▶ _TASK INSTRUCTIONS_: Range to repeat from the listing below: the line containing "Obraz premium Majestic" down to the line containing "A modern kitchen", both included. Copy it exactly, pictures excluded, and add nothing else.

▶ _DATA EXTRACTS_:

+===+

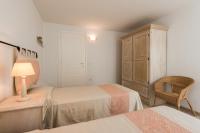 A bed or beds in a room at Apartment in S'Abba e Sa Pedra with pool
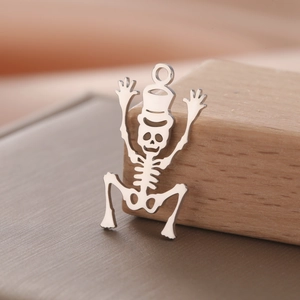 Detailed view of a polished 18K gold-plated stainless steel skeleton pendant with top ring
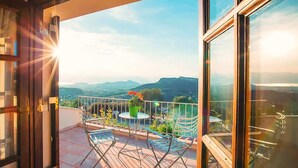 An open balcony with a view of mountains, a table, and chairs. - Villa Oneirama - Nafplio Garden Retreat (Nafplio)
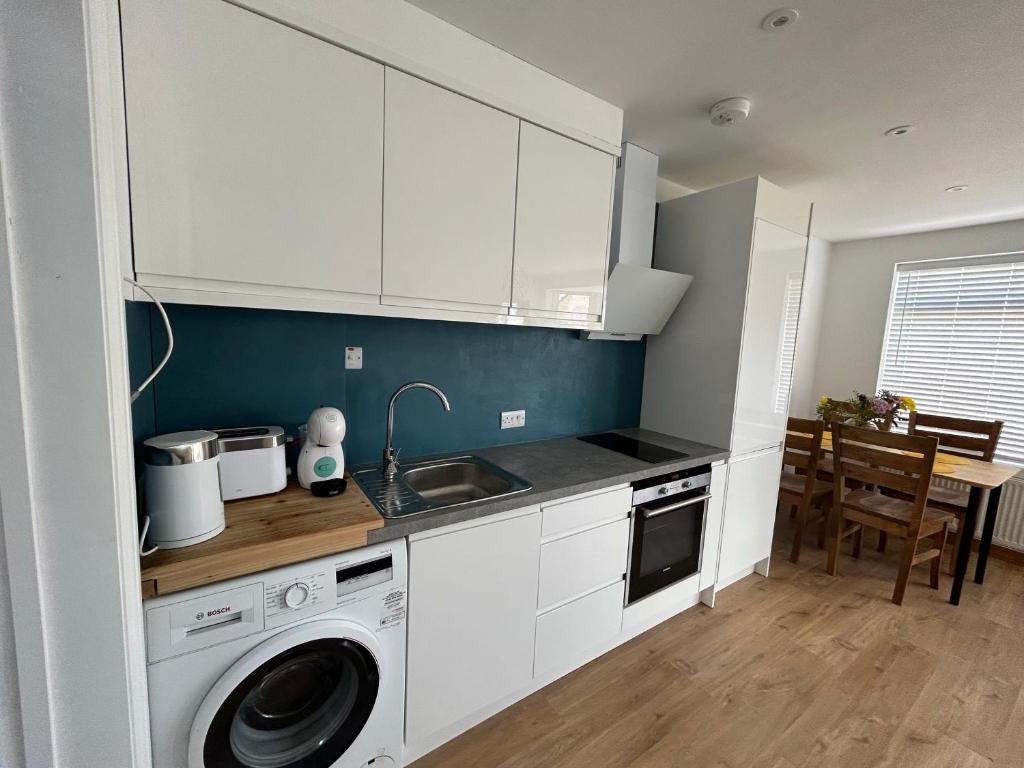 a kitchen with white cabinets and a washing machine at Ecology North London Studios in East Barnet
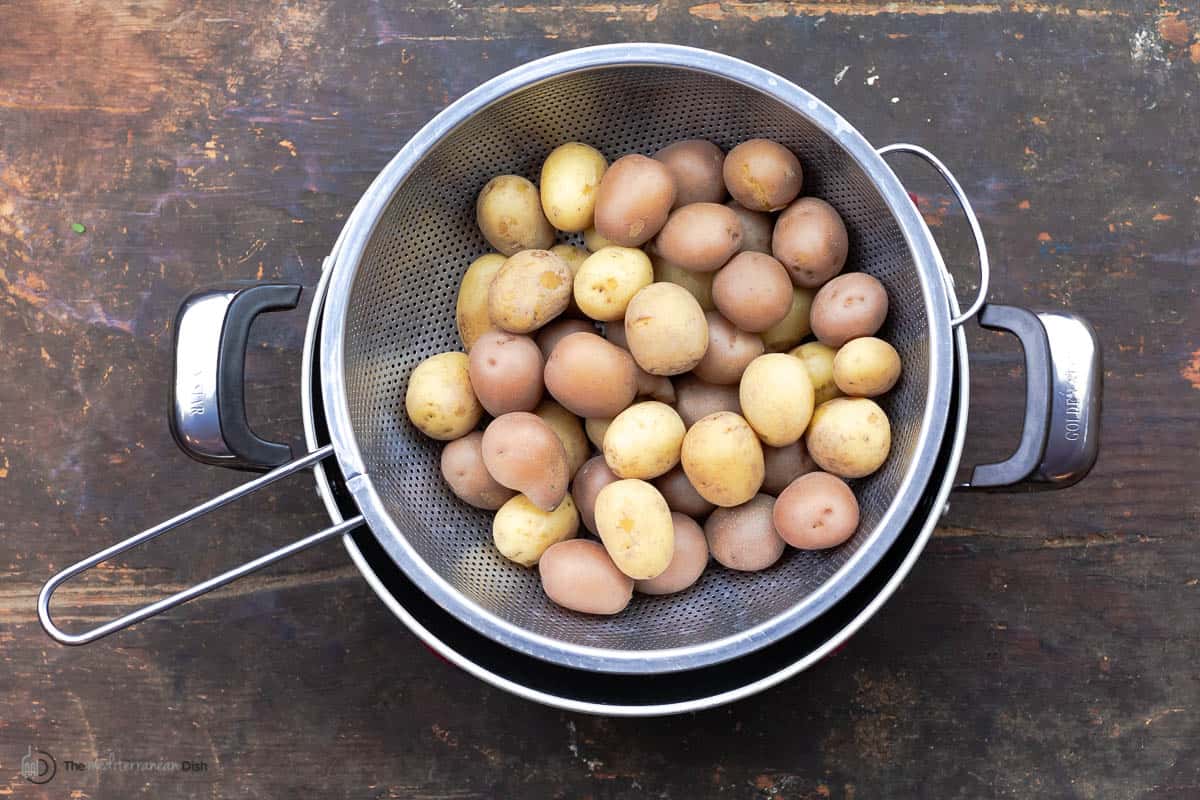 Baby potatoes in a metal strainer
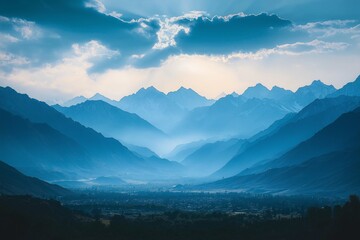 Obraz premium Majestic Mountain Range at Sunset. Tranquil Valley and Idyllic Landscape with Vibrant Colors and Dramatic Sky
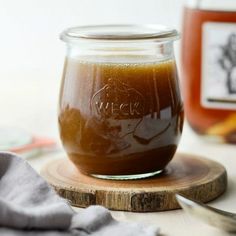 a glass jar filled with liquid sitting on top of a wooden board next to garlic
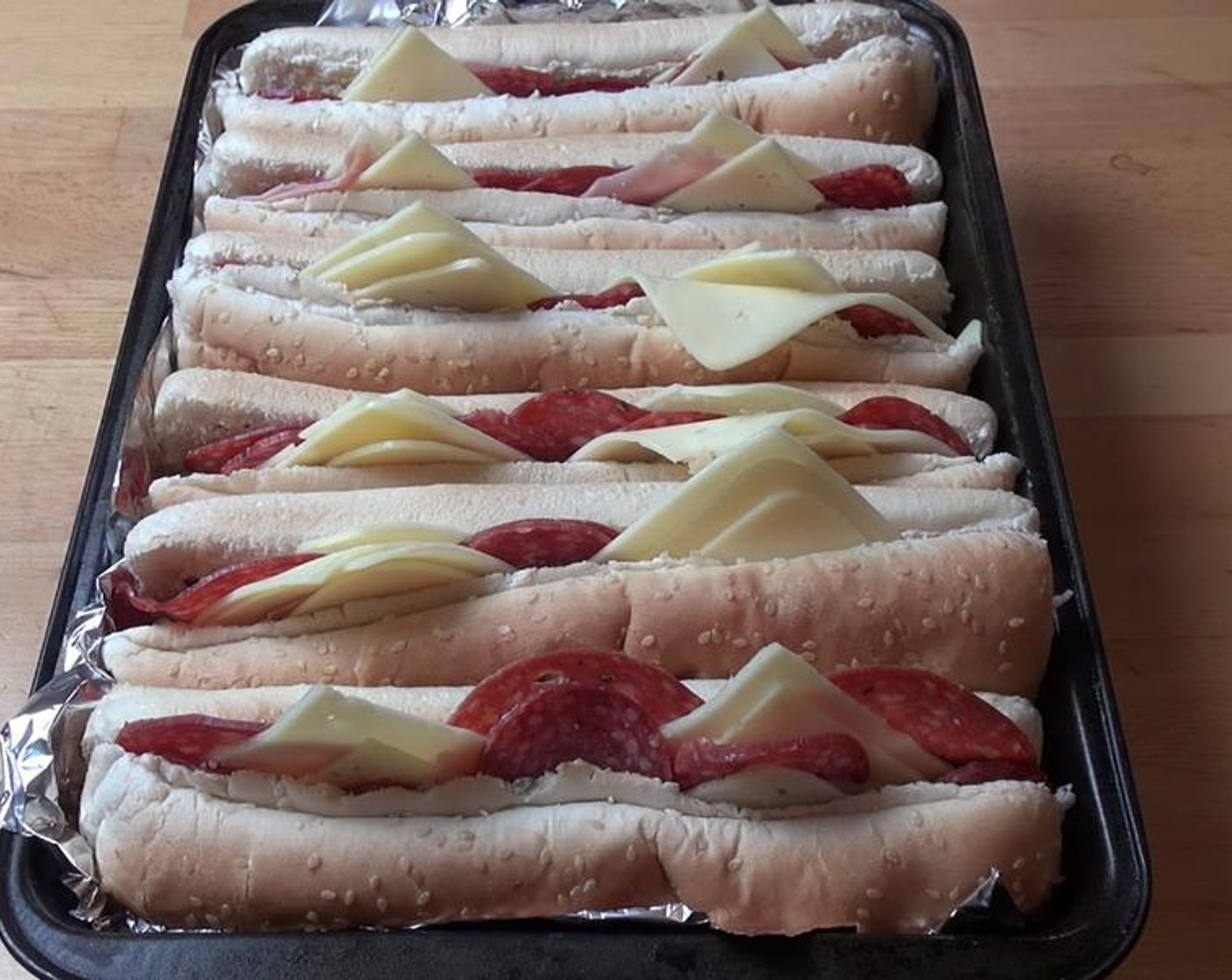 step 4 Place sandwiches into a baking tin lined with foil.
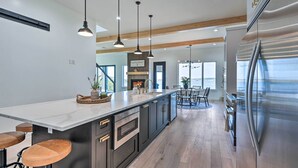 A modern kitchen with a large island, stainless steel appliances, and pendant lighting.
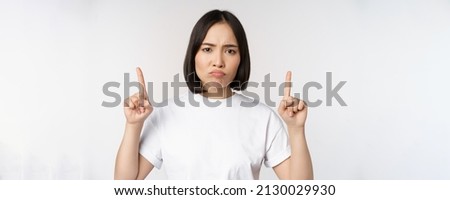 Sad and disappointed young asian woman pointing fingers up, showing advertisement with upset face expression, white studio background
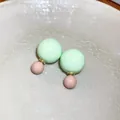 Nahaufnahme von pastellgrünen und rosa Doppelperlen-Ohrsteckern in einer Keramikschale - Doppelter Rundball (HE12707) / Grün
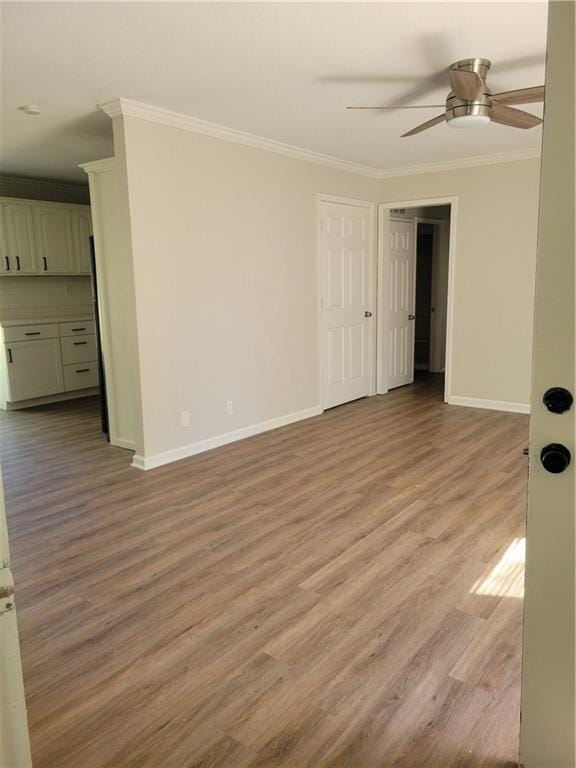 4818 E 45th St, Kansas City, MO 64130 - empty room featuring light wood-style flooring, baseboards, and ornamental molding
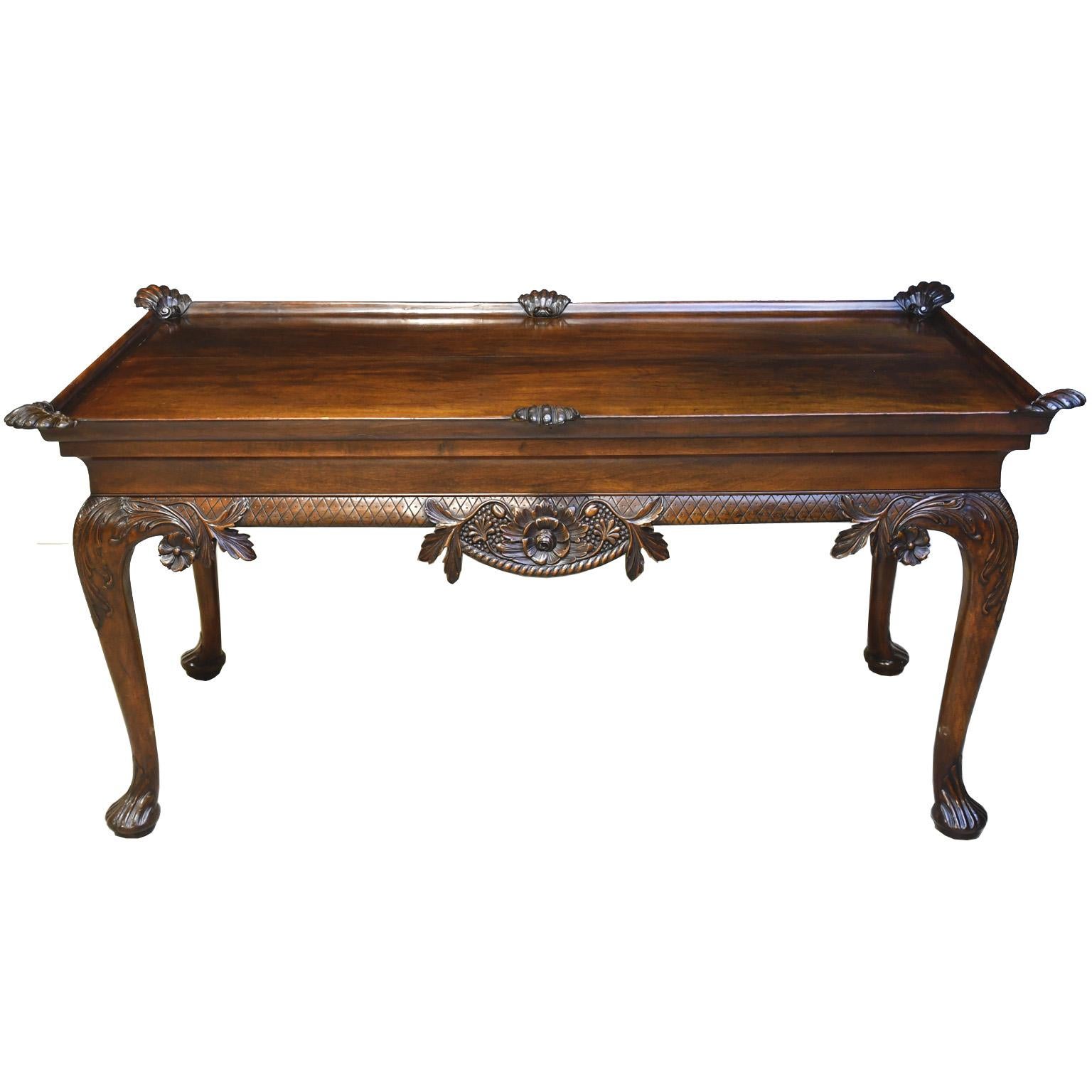 An exquisite Irish library table in fine mahogany dating from the first half of the 1800s in the Queen Anne revival style with exceptional carvings of rococo motifs. A long rectangular tray-board top embellished with coquillage or carved scallop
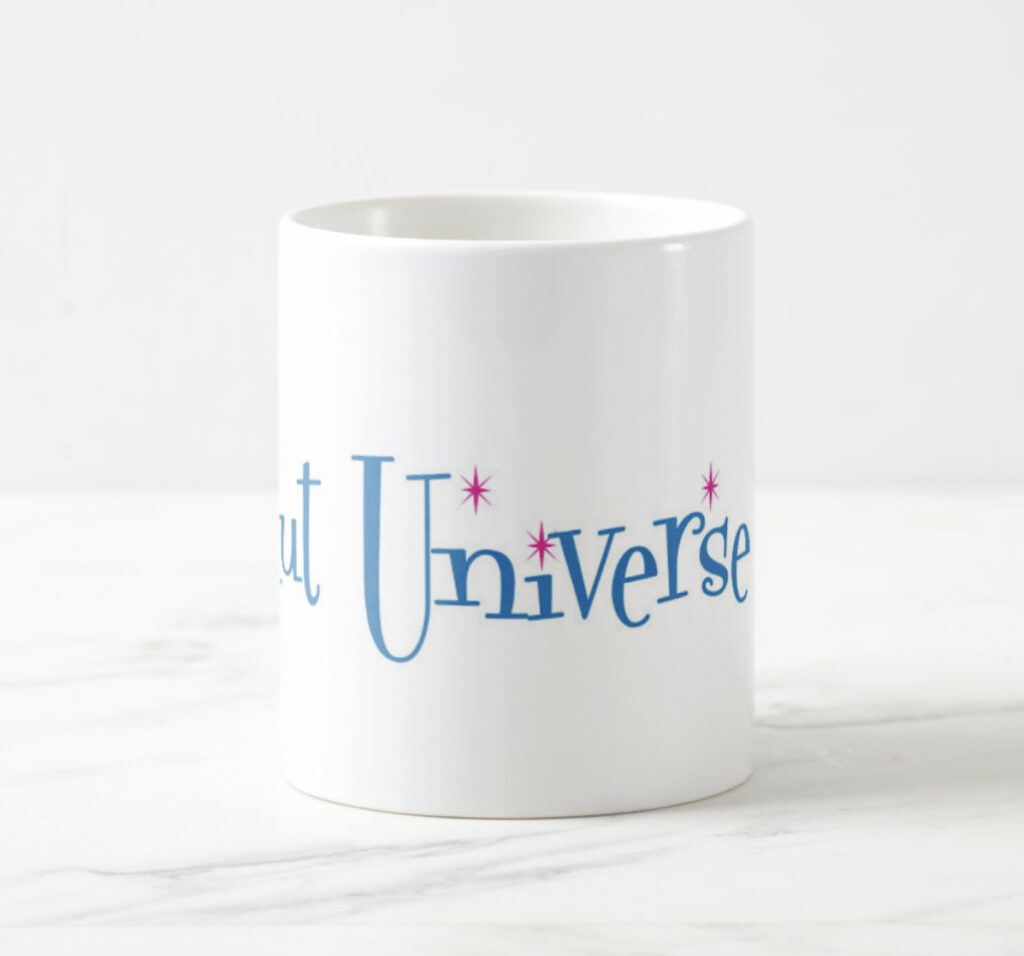 White ceramic mug with Donut Universe logo, center view, on a marble counter.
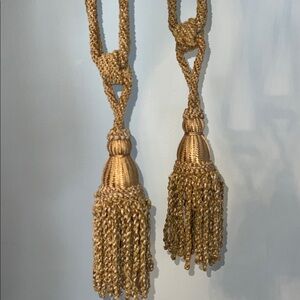 two handcrafted curtain and drapery tassel tieback in a golden beige color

+===+

▶ _FINISHED TASK_:
 Obraz premium Majestic Mountain Range at Sunset. Tranquil Valley and Idyllic Landscape with Vibrant Colors and Dramatic Sky
 a glass jar filled with liquid sitting on top of a wooden board next to garlic
 step 4 Place sandwiches into a baking tin lined with foil.
 A modern kitchen with a large island, stainless steel appliances, and pendant lighting.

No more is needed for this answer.